Late Birthday Musings

It’s been hard for me to talk about my age & now, the next BIG birthday has finally come. The anxiety around it isn’t just the number itself or appearances. It’s the realization that not only is the list of what I want to do in this lifetime still long, my life has felt on hold, esp. as a homeroom teacher. For 2 years I stopped dancing, writing & submitting for publication. The beginning of the past decade was a flourishing, a blossoming. The end stagnation. Slowly, I’ve been gifting myself:

✨Rereading Emerson, then The Artist’s Way, A Return to Love, Big Magic, Refuse to Choose, & more.

✨ New glasses so I could “see” clearly, back to my signature red. New stones, Mexican matrix opal & sodalite.

✨Sang my heart out with Noam Enbar at his Howl workshops and mystical forest retreat to make my voice heard, shed what no longer serves me, show my true colors.

✨Returned dance to my life with Itay Ganot , a shift of consciousness through movement & Ella Greenbaum , a return home to Gnawa rhythms.

✨Started cello lessons and it feels like I was born to hold this instrument in my hands, feel its strings vibrating in my heart.

✨ Reinstated spiritual practices. I’ve gone to energetic healing: “For all the times I’ve stayed, even when it wasn’t good for me, please forgive me.”
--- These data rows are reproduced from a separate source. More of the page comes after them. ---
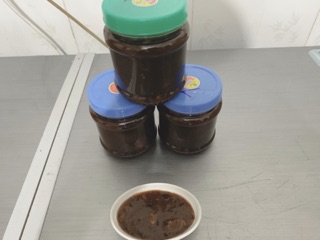 mắm tép chưng 500g (Cô Thu)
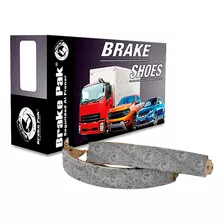 Zapatas De Freno Marca Brake Pak Para Jeep Wrangler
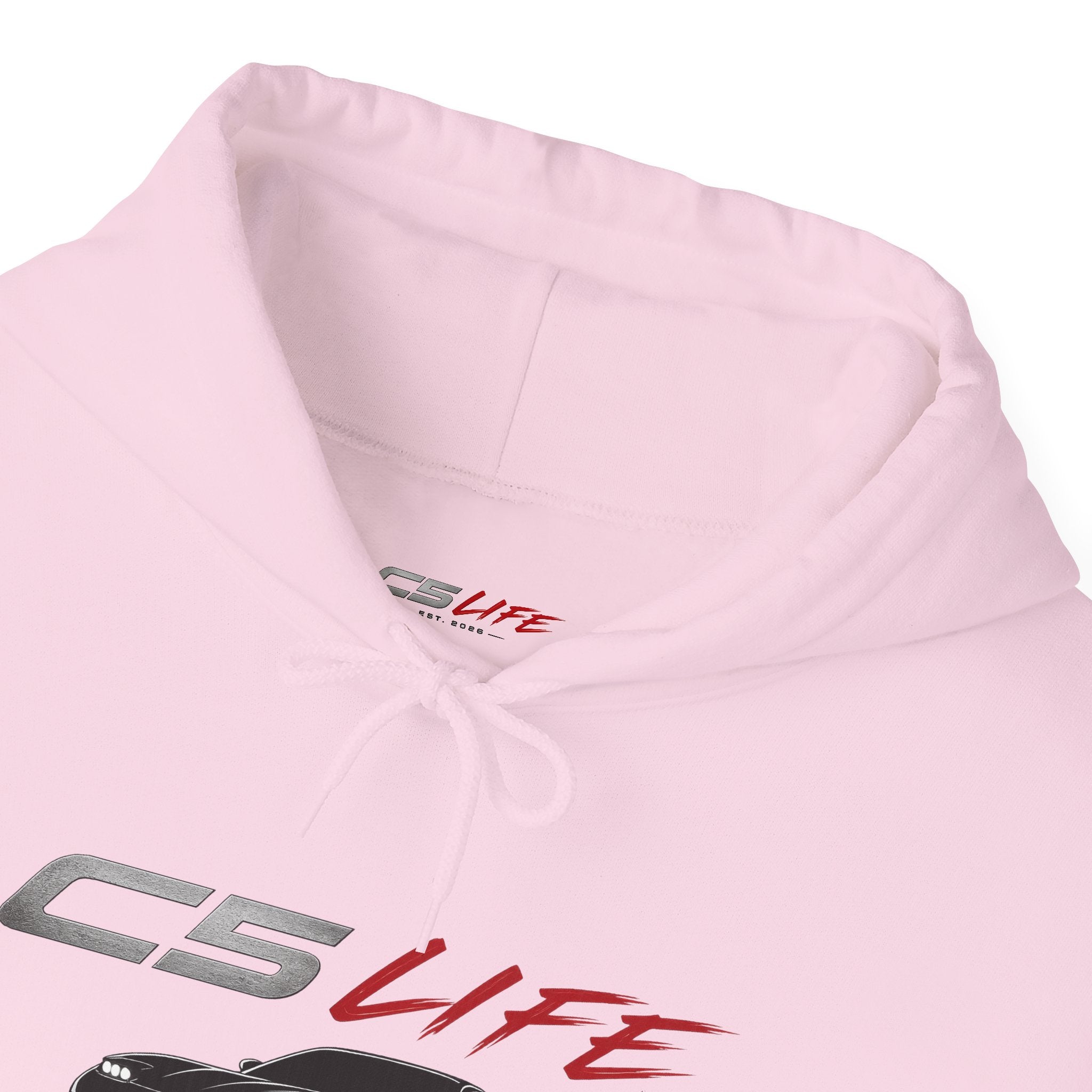 C5 LIFE HOODIE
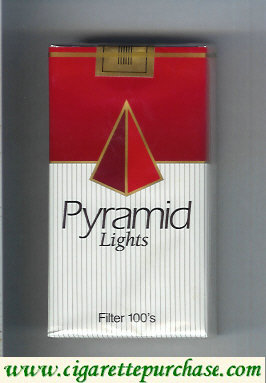 Pyramid Cigarettes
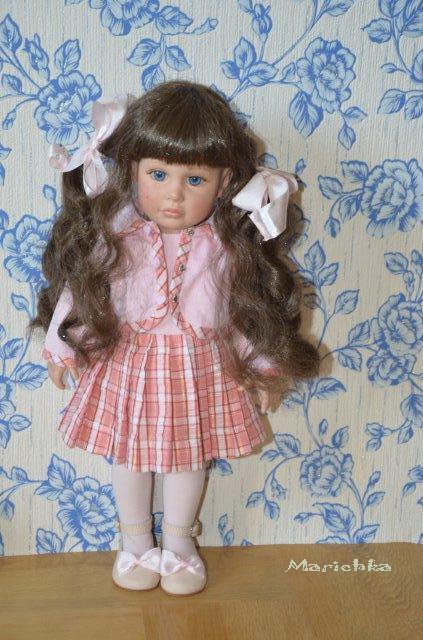 Effanbee’s ® Katie. Катюшки и их нарядики (фото 8)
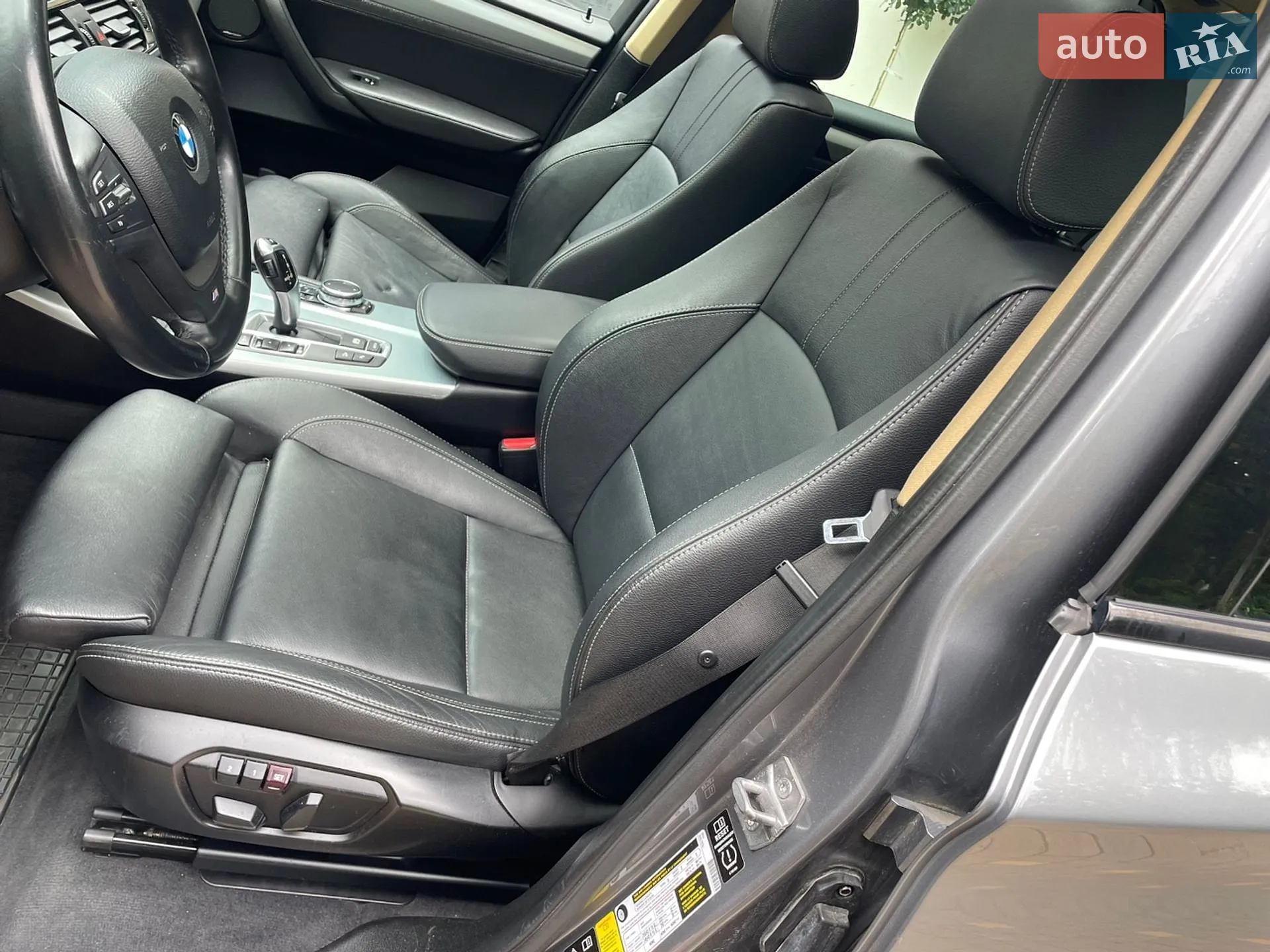 2014 BMW X3 - мініатюра 9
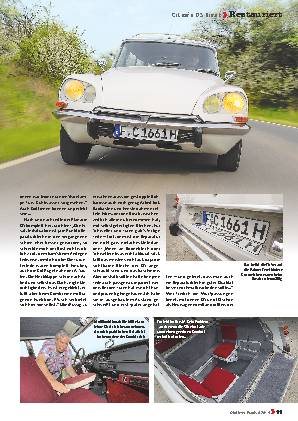 Citroën DS Break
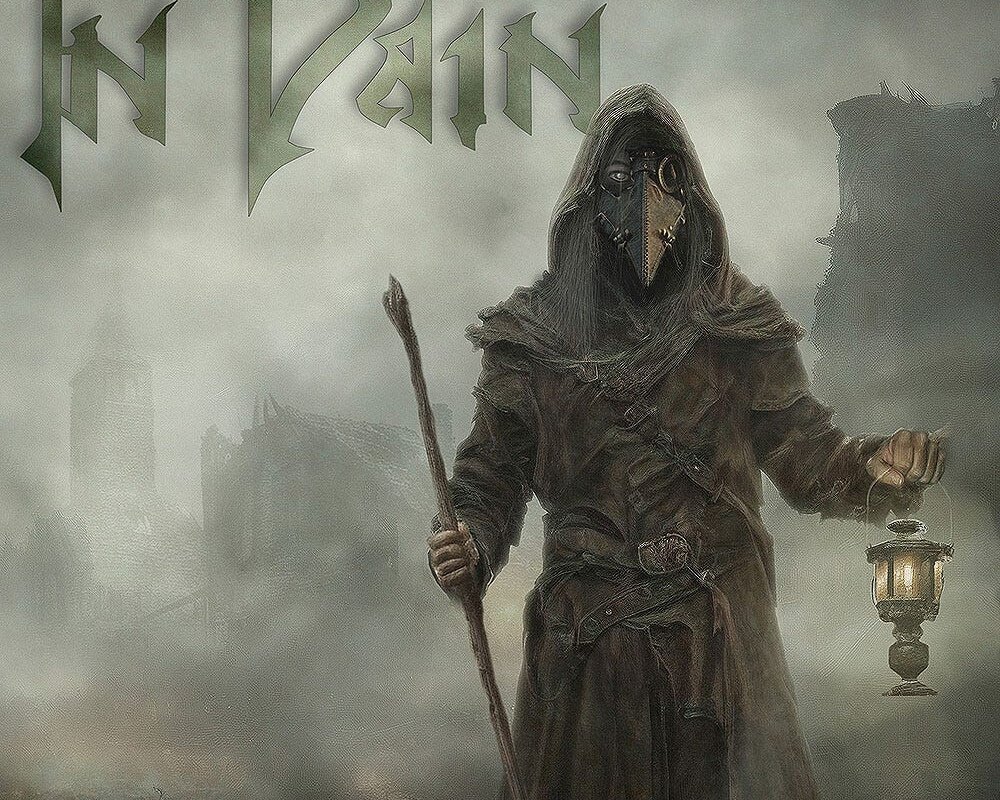 In Vain Unveils Lyric Video for "The Force of Thunder" from Upcoming Album "Back to Nowhere"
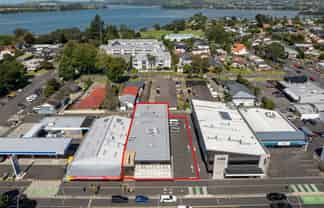 Substantial scale, serious upside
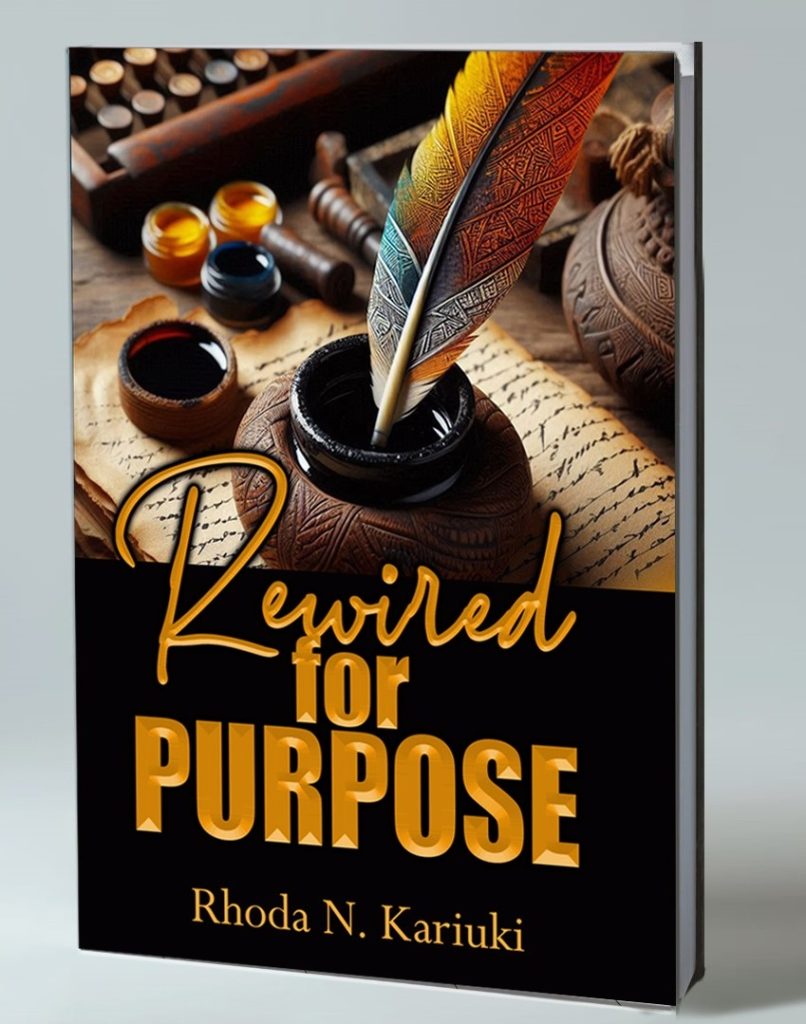 Rewired for Purpose and Legacy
✨شعراء بابل משוררי בבל Poets of Babel Поэты Вавилона has made a comeback this summer and it is just as magical as always.

✨Finally submitted for publication after pining away for a book so many years– like the fable of the man praying to win the lottery without buying a ticket (send me good mojo). I’ve bought a ticket.

✨All of this cumulated with magical Rome, remembering that I always have been a traveler at heart.

✨ The biggest development is, after a rollercoaster of 3 years, I’m no longer continuing at the school. This is one of the hardest closing of chapters in my life. Perhaps my most important lesson will be to show my students what that looks like to choose yourself.

For now, I am in the Divine Unknown and grateful. 🔮🧿📿🌈 All I know is, I promise to heed my inner compass, trust myself, bring my fire.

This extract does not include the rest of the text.